Don Quixote gave himself a great slap on the forehead and began to laugh
heartily, and said he, "Why, I have not been wandering, either in the
Sierra Morena or in the whole course of our sallies, but barely two
months, and thou sayest, Sancho, that it is twenty years since I promised
thee the island. I believe now thou wouldst have all the money thou hast
of mine go in thy wages. If so, and if that be thy pleasure, I give it to
thee now, once and for all, and much good may it do thee, for so long as
I see myself rid of such a good-for-nothing squire I'll be glad to be
left a pauper without a rap. But tell me, thou perverter of the squirely
rules of knight-errantry, where hast thou ever seen or read that any
knight-errant's squire made terms with his lord, 'you must give me so
much a month for serving you'? Plunge, scoundrel, rogue, monster--for
such I take thee to be--plunge, I say, into the mare magnum of their
histories; and if thou shalt find that any squire ever said or thought
what thou hast said now, I will let thee nail it on my forehead, and give
me, over and above, four sound slaps in the face. Turn the rein, or the
halter, of thy Dapple, and begone home; for one single step further thou
shalt not make in my company. O bread thanklessly received! O promises
ill-bestowed! O man more beast than human being! Now, when I was about to
raise thee to such a position, that, in spite of thy wife, they would
call thee 'my lord,' thou art leaving me? Thou art going now when I had a
firm and fixed intention of making thee lord of the best island in the
world? Well, as thou thyself hast said before now, honey is not for the
mouth of the ass. Ass thou art, ass thou wilt be, and ass thou wilt end
when the course of thy life is run; for I know it will come to its close
before thou dost perceive or discern that thou art a beast."

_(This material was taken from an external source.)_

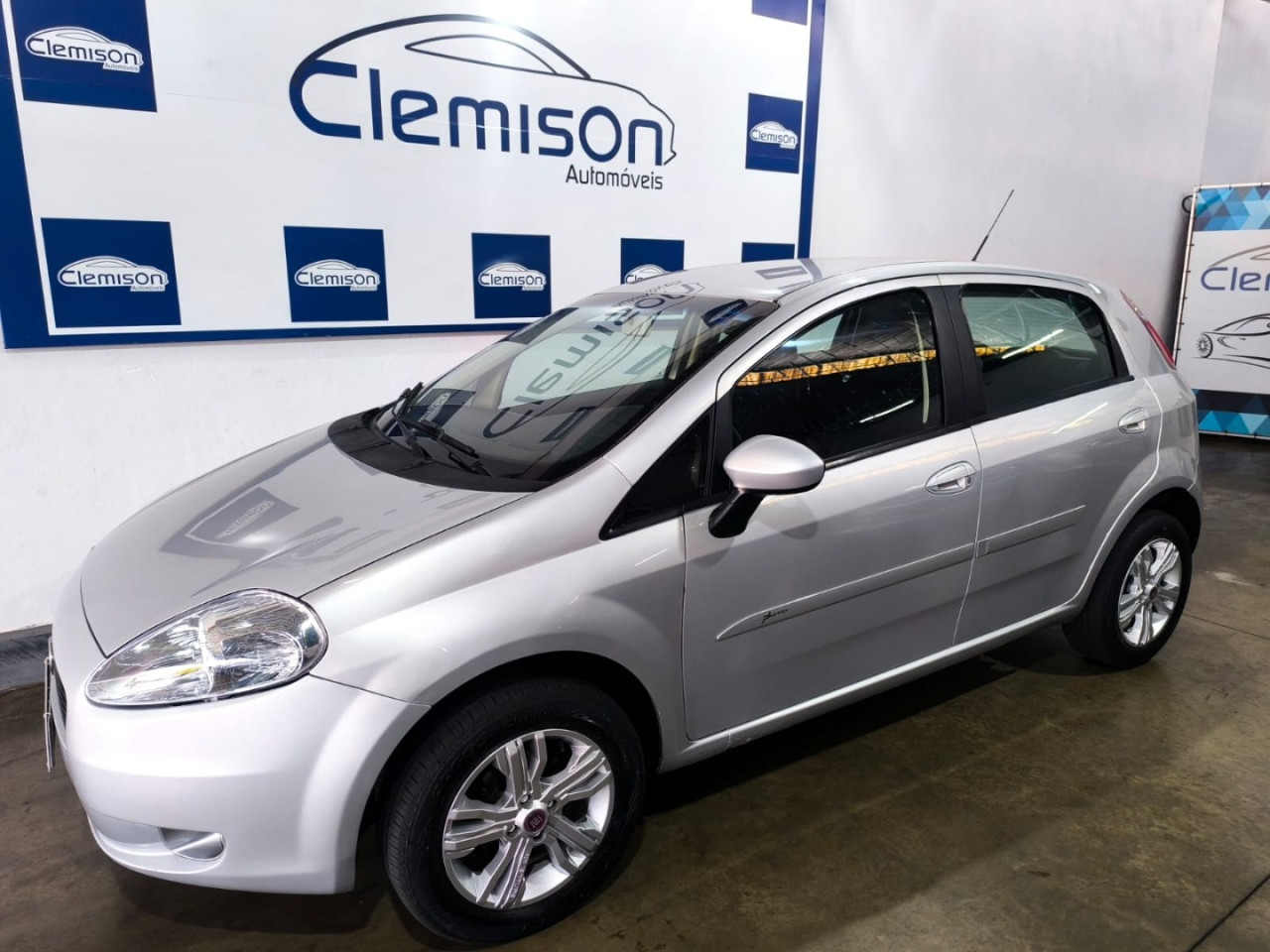 Punto 1.4 4P ELX FLEX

Sancho regarded Don Quixote earnestly while he was giving him this
rating, and was so touched by remorse that the tears came to his eyes,
and in a piteous and broken voice he said to him, "Master mine, I confess
that, to be a complete ass, all I want is a tail; if your worship will
only fix one on to me, I'll look on it as rightly placed, and I'll serve
you as an ass all the remaining days of my life. Forgive me and have pity
on my folly, and remember I know but little, and, if I talk much, it's
more from infirmity than malice; but he who sins and mends commends
himself to God."

"I should have been surprised, Sancho," said Don Quixote, "if thou hadst
not introduced some bit of a proverb into thy speech. Well, well, I
forgive thee, provided thou dost mend and not show thyself in future so
fond of thine own interest, but try to be of good cheer and take heart,
and encourage thyself to look forward to the fulfillment of my promises,
which, by being delayed, does not become impossible."

Sancho said he would do so, and keep up his heart as best he could. They
then entered the grove, and Don Quixote settled himself at the foot of an
elm, and Sancho at that of a beech, for trees of this kind and others
like them always have feet but no hands. Sancho passed the night in pain,
for with the evening dews the blow of the staff made itself felt all the
more. Don Quixote passed it in his never-failing meditations; but, for
all that, they had some winks of sleep, and with the appearance of
daylight they pursued their journey in quest of the banks of the famous
Ebro, where that befell them which will be told in the following chapter.